It may not seem like a big deal to wash your pet’s food and water bowls daily. After all, they usually lick their bowls clean right? But what can be lurking in your pet’s food and water bowls? Bacteria, often unseen, can be growing without you knowing it. This may be a health risk to your pet but also to any humans that the bacteria can be transferred to.
What Is in Your Pet’s Bowl?
Your pet’s bowls are perfect breeding grounds for many kinds of bacteria. Pet food, whether it be in dry kibble form, raw or wet form, is full of carbohydrates, proteins and sugars. These make bacteria multiply quickly. Bacteria also grows well in water.

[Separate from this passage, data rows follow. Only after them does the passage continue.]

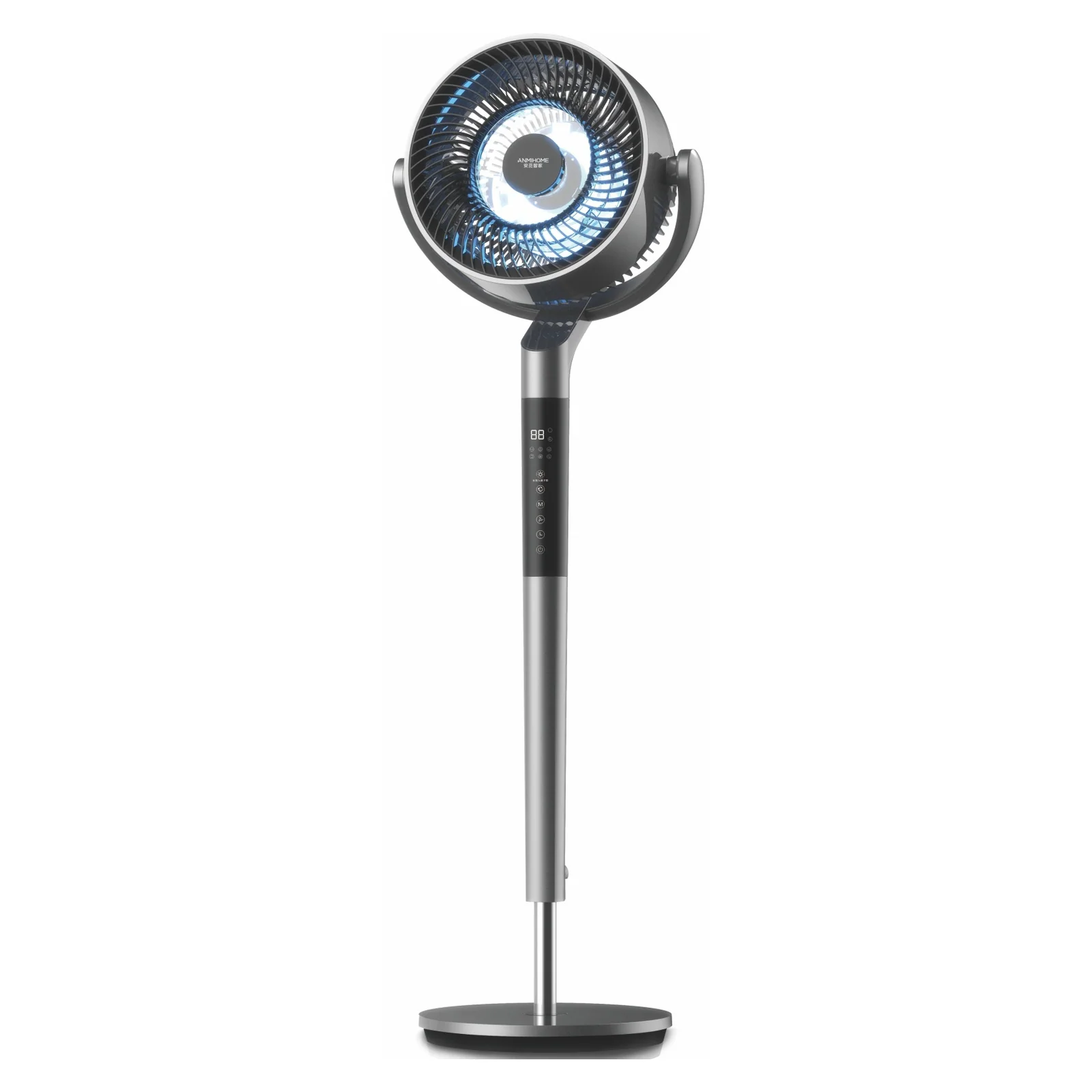 Custom Air Circulating Fan Household Floor Electric Fan Silent Vertical Shake Head Convection Wind Axial Flow Fans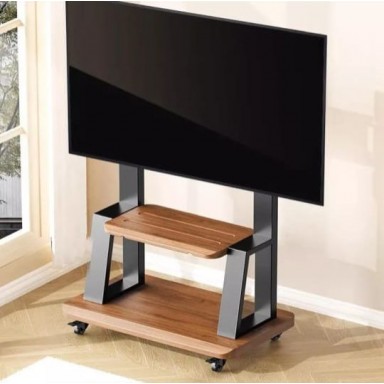 Soporte Tv Base Pedestal Rueda Televisor 32 A 70 Pulgadas Cafe Racks TV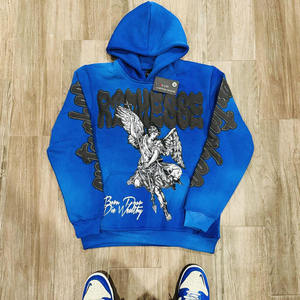 Hoodie personnalisé haut de gamme pour homme, streetwear premium, coupe ample, coton et polyester, fabricant - Product Image 1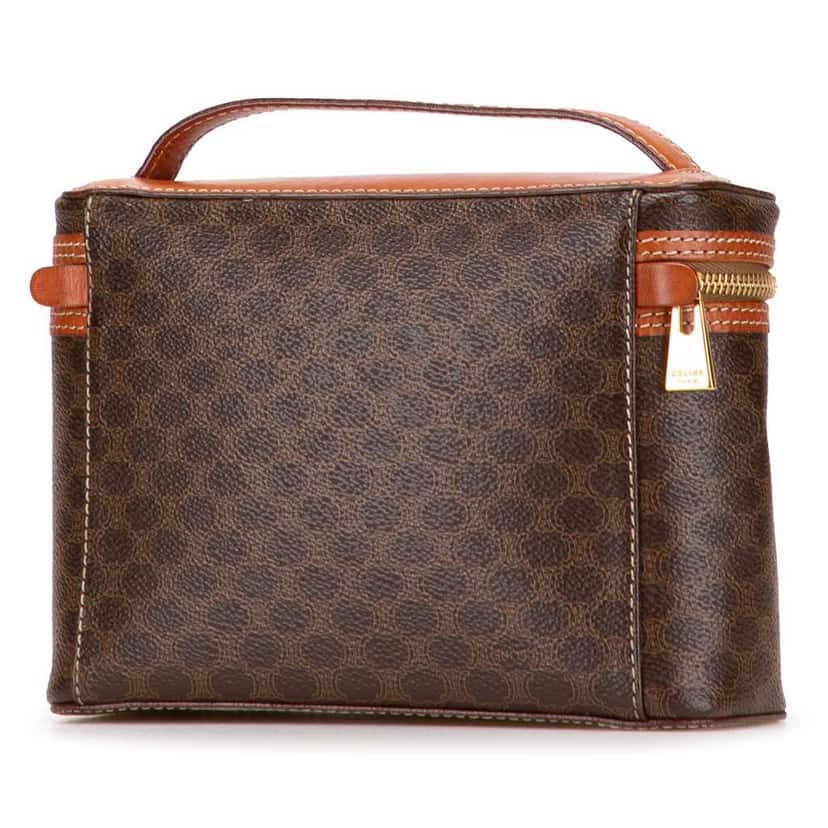 Celine Macadam Coated Canvas Vanity Bag Brown Canvas Good condition - Back View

Science Lecturer Aisling and Bioveterinary Science Graduate Coralie Wright investigated the buildup of bacteria on dogs’ water bowls. They found the highest amount of bacteria in plastic bowls over time. But they found the most harmful bacterial species, including E.coli and MRSA, most frequently in ceramic bowls. They reported, “It is clear from our study that dog water bowls pose a disease risk to both human and animal health.”
Types of Bacteria Found
Have you ever noticed your pet bowls having a pink color on them? This is called Serratia marcescens. This bacteria can also be found in other areas around the house. This bacteria can cause illness in pets with compromised immune systems. Pets may develop lethargy, septicemia, gastrointestinal upset, urinary tract infections and pneumonia can be caused by the bacteria.

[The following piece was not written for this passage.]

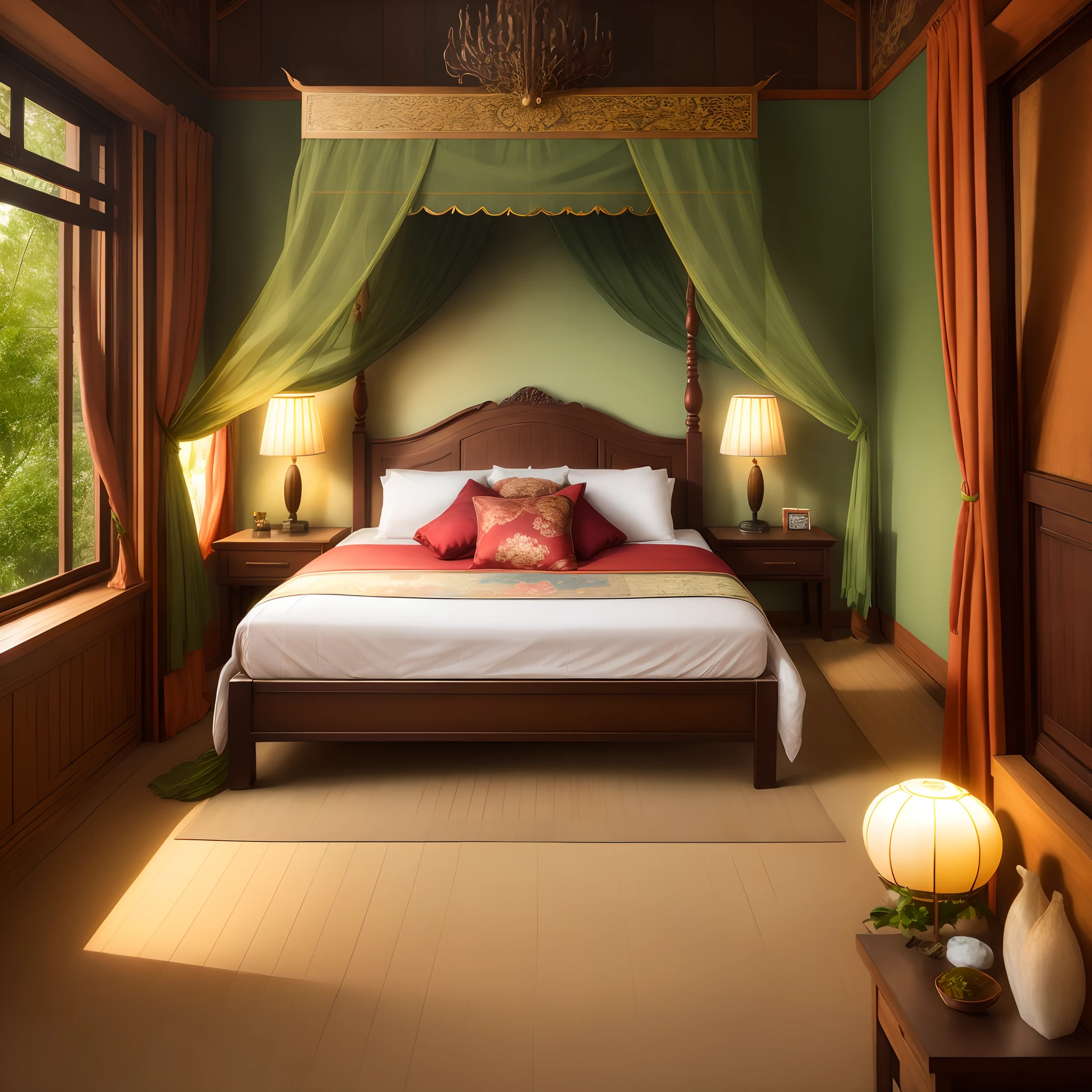 Indochine bedroom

Salmonella, Campylobacter jejuni, Escherichia coli, and Staphylococcus aureusare
These bacteria are also common to pet bowls. They are also common kitchen bacteria. Some illnesses caused by these bacteria are: blood infections, meningitis, vomiting, diarrhea, pneumonia, infections in the heart, and other health issues.
Is My Pet at Risk?
Dogs and cats are carnivores, and evolved eating raw meat. Their systems can handle a certain amount of bacteria. A healthy dog or cat will not likely get sick from e.coli or salmonella poisoning. This is because their digestive tracts are different from a human’s. They have strong hydrochloric acid in their stomach to digest meat and even bones. The acid is about 10 times stronger in concentration than what we have in our stomachs. The acid should kill most bacteria. This does not mean that a dog or cat won’t contract e.coli or salmonella poisoning.
Fortunately, all these bacteria generally only affect people and pets that are already immunocompromised. Healthy people are less likely to be sick from these bacteria. However, children and older people (or those who are already ill) are very much at risk.

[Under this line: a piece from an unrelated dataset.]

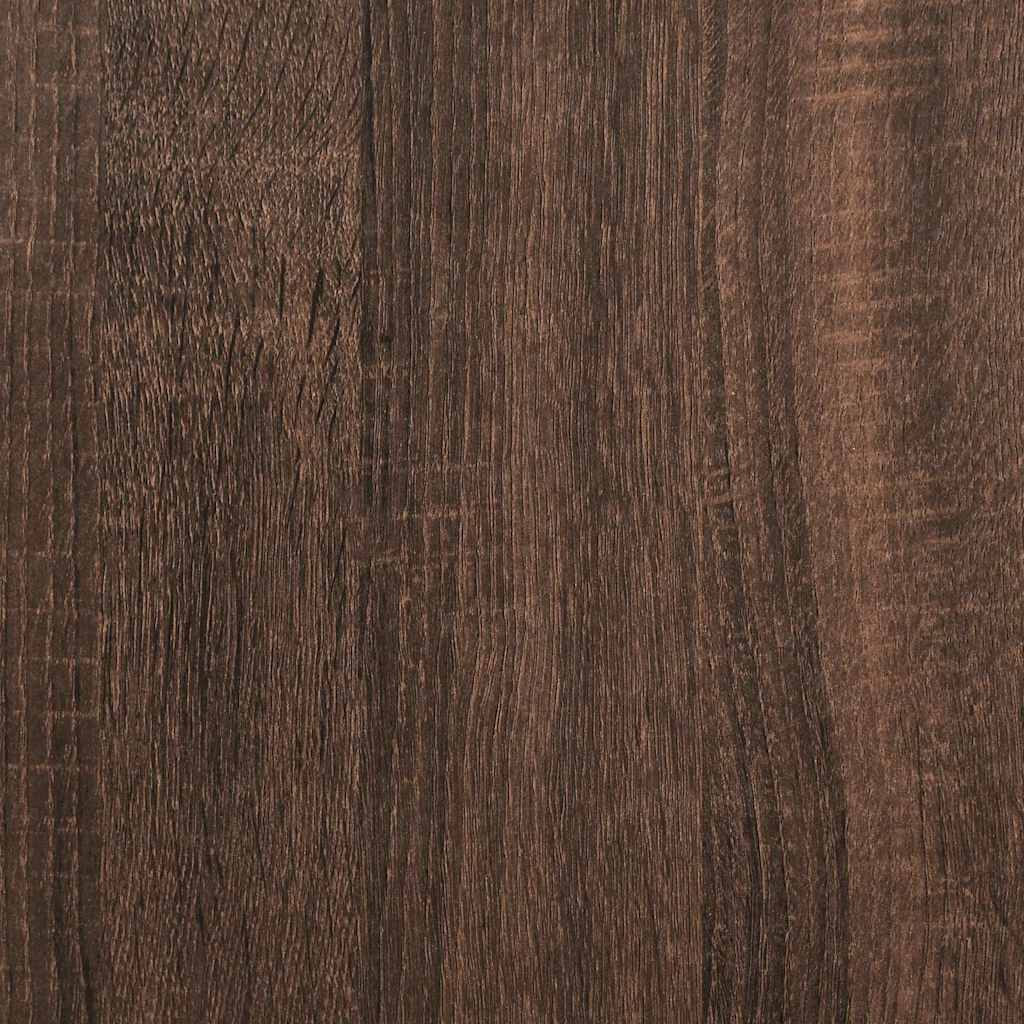 Kitchen cabinet, brown oak 38x41.5x131.5 cm engineered wood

Prevent the Bacteria from Growing
- Wash your pet bowls daily. Realize that if the surface of a bowl feels slick or slimy that bacteria is growing. A good rule is simply empty, wash and refill the water bowl daily. And clean the food bowl after each meal.If you see any pink coloring on a pet bowl, realize it is likely Serratia marcescens. Disinfect the bowls where it has formed with a strong chlorine bleach solution for 10-20 minutes before thoroughly rinsing it away with clean water. Avoid scratching the surface of the bowl as bacteria can linger in the scratched surface.
- As per the research mentioned above, bacteria were most found on plastic and ceramic bowls. They found the least bacteria on stainless steel bowls. We highly recommended to switch to stainless steel if you have not already done so.
The above recommendations go for other pets as well. For example rabbits, Guinee pigs, mice, hamsters, etc.